**Goal of the exercise:** Please repeat exactly the lines from the one containing "Theo Wanne GAIA2" through the last line of the records below, both included, and leave out any pictures.

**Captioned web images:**

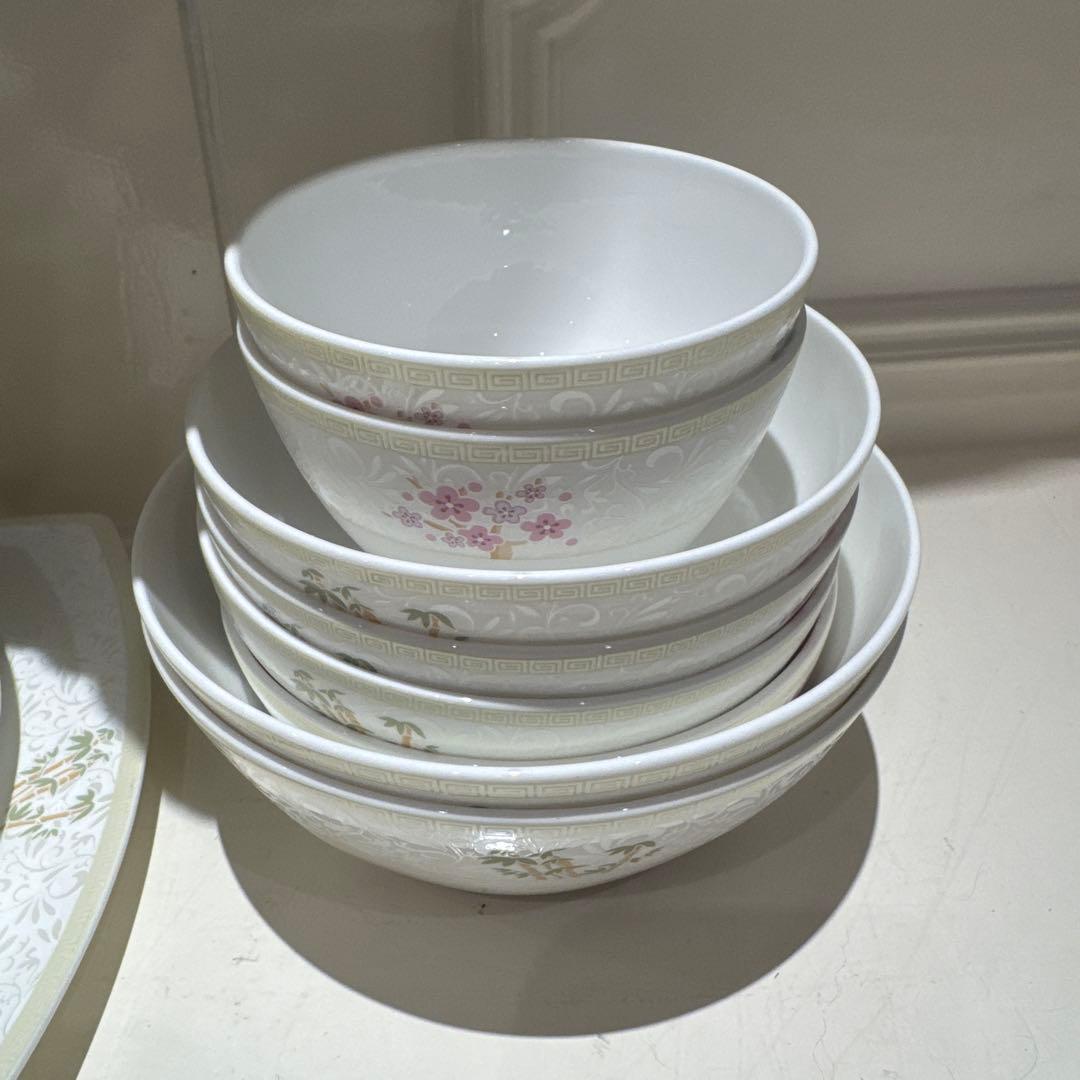 値下げしました！7月末まで！ 18,000円値下げ韓国食器51点セット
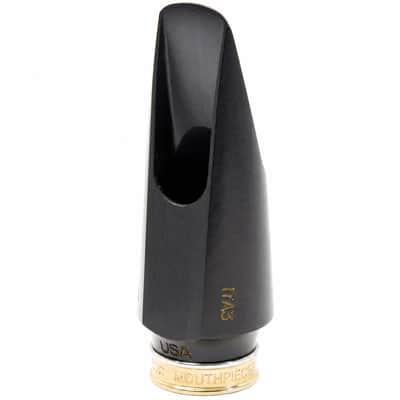 Theo Wanne GAIA2 Hard Rubber 5 Alto Saxophone Mouthpiece image 2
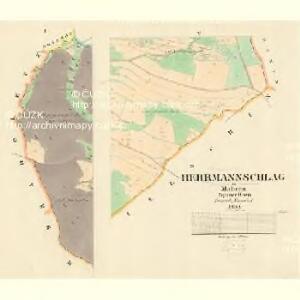 Herrmannschlag - m0700-1-001 - Kaiserpflichtexemplar der Landkarten des stabilen Katasters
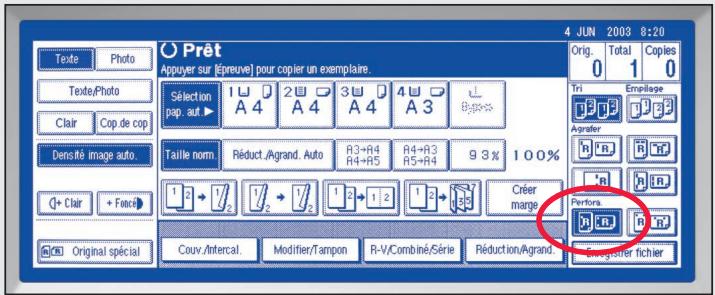 NASHUATEC COPIER SUR LES MULTIFONCTIONNELS - Perforer - 1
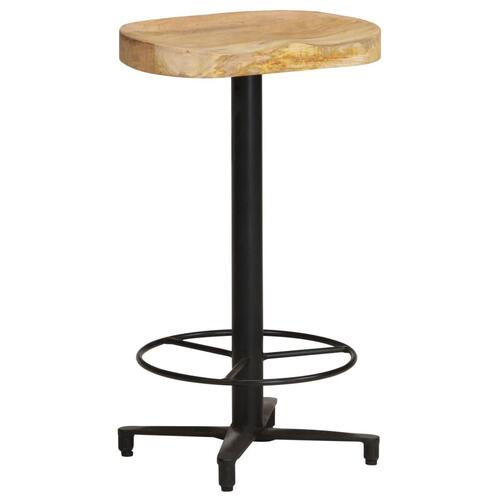 Barstole 2 stk. 66 cm massivt mangotræ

**Answer space:**
 Theo Wanne GAIA2 Hard Rubber 5 Alto Saxophone Mouthpiece image 2
 Herrmannschlag - m0700-1-001 - Kaiserpflichtexemplar der Landkarten des stabilen Katasters
 NASHUATEC COPIER SUR LES MULTIFONCTIONNELS - Perforer - 1
 Barstole 2 stk. 66 cm massivt mangotræ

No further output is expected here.